Tuesday, September 22, 2020
LAUSD receives bomb threats, closing down campuses
By Sentinel News Service
Published December 17, 2015

LAUSD Associated Press
The Los Angeles Unified School board members prompted a district wide school closure on the morning of Dec. 15 due to an email threat to the district.

Congressman Brad Sherman stated “an extremist Muslim who teamed up with local jihadists” was the alleged culprit of the bomb threat.

“I commend and support the decision of Superintendent Ramon Córtines and the Los Angeles Unified School District to close campuses because a ‘credible’ threat. The safety of our children, teachers and personnel is of critical importance,” said Assembly member Mike A. Gipson in a press release.


The email mentioned explosive devices, assault rifles and pistols and was traced to an IP address in Frankfurt, Germany, according to law enforcement sources.

All campuses closed Tuesday morning after officials stated it was a “credible threat” of violence involving backpacks and packages left at campuses. The nation’s second-largest school district, LAUSD has more than 700,000 students.

Authorities said they plan to search more than 900 schools in all of LAUSD, including charter schools and special education centers. Due to the closure, district wide athletic events were also cancelled until further notice.

“I can speak as a parent. My son attends a LAUSD school and since the administration judged that there was a possibility that he and others could have been harmed, I wanted him to be safe at home. Like many parents, I rushed to pick him up from school this morning,” said Gipson.

Students who arrived to school were supervised until parents could make arrangements to pick them up, officials said.

The massive closure comes after the Los Angeles region experienced two shooters kill 14 people in San Bernardino two weeks ago in a deadly terrorist attack. It was the deadliest attack on U.S. grounds since Sept. 11, 2011.

“As educators at the District’s almost 1,000 schools, our top priority is student safety. LAUSD, in conjunction with local and federal agencies, had highly trained people assess this situation, and there is an active investigation into the threats,” said Alex Caputo-Pearl, UTLA President.

New York authorities also faced an emailed threat made to their city schools, but they did not pose the threats as credible. The same reaction that some New York officials had an LAUSD teacher believed the same.
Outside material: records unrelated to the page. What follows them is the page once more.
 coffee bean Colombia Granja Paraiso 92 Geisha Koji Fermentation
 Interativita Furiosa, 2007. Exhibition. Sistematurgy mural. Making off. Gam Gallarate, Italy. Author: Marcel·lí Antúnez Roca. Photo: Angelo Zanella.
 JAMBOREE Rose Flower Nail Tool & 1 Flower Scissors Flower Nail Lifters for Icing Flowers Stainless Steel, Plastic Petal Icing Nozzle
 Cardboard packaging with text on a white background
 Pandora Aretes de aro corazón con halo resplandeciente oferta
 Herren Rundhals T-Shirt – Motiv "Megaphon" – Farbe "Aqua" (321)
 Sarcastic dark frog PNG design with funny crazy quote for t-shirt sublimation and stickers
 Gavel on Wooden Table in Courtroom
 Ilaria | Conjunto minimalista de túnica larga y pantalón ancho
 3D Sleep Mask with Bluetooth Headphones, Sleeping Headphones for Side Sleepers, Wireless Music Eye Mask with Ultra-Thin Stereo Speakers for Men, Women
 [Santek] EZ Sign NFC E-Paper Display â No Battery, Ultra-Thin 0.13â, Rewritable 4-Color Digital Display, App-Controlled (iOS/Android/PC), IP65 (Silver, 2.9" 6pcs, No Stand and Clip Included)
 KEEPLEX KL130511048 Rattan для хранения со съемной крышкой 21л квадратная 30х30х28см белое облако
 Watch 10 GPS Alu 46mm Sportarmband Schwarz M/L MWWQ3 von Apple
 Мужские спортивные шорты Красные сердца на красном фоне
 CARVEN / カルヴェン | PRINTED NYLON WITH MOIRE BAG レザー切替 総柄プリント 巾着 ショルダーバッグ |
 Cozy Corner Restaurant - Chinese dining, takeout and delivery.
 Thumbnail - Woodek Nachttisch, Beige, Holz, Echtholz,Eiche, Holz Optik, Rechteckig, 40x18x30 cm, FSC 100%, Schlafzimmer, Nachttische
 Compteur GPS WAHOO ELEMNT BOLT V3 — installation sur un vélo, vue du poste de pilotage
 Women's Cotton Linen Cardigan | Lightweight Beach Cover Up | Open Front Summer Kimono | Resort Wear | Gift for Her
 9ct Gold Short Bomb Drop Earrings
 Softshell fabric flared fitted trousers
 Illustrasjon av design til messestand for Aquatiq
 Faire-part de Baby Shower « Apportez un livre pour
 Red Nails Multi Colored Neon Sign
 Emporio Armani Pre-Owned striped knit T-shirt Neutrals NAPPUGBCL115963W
“I think it was a hoax, but you can’t second guest him [Roman Cortines] for shutting it down. I’m glad that the put safety concerns first, but I just they wish they would have used social media or text messages like they did before instead of an email,” said Robert Torrance, automotive technology teacher at Maxine Waters Employment Prep.

Torrance stated that he wasn’t aware of a bomb threat until he was outside the school campus. He saw no presence of school authorities or police officers.

“Apparently the early warning system didn’t do it’s job because as a teacher I didn’t find out until I was outside my school gate,” said Torrance. “No one was at the gate to tell anyone about the closures, so it seemed like the adult schools were left out of the loop.”

Torrance looked at his email to find an alert from the school district that came in at 8:06 am—16 minutes later than the time he is suppose to be at work.

“I’m not scared at all. I don’t think that terrorist will telegraph their work. I think they would operate quietly. I think they look for maximum impact,” he said. “But, the one good thing I am glad they did well was make sure the children were safe. That was the biggest concern.”

Officials said that the email only specified LA Unified schools and did not indicate any threats to other school districts in the Los Angeles area.